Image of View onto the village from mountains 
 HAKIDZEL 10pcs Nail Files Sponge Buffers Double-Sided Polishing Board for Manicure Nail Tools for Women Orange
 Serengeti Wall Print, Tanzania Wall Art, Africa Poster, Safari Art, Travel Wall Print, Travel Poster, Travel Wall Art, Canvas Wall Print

# # # # # # #

WHAT YOU HAVE TO DO
Extract every line from the one containing "HAKIDZEL 10pcs Nail" through the last line of the data, inclusive, exactly as written.

ANSWER SECTION
 HAKIDZEL 10pcs Nail Files Sponge Buffers Double-Sided Polishing Board for Manicure Nail Tools for Women Orange
 Serengeti Wall Print, Tanzania Wall Art, Africa Poster, Safari Art, Travel Wall Print, Travel Poster, Travel Wall Art, Canvas Wall Print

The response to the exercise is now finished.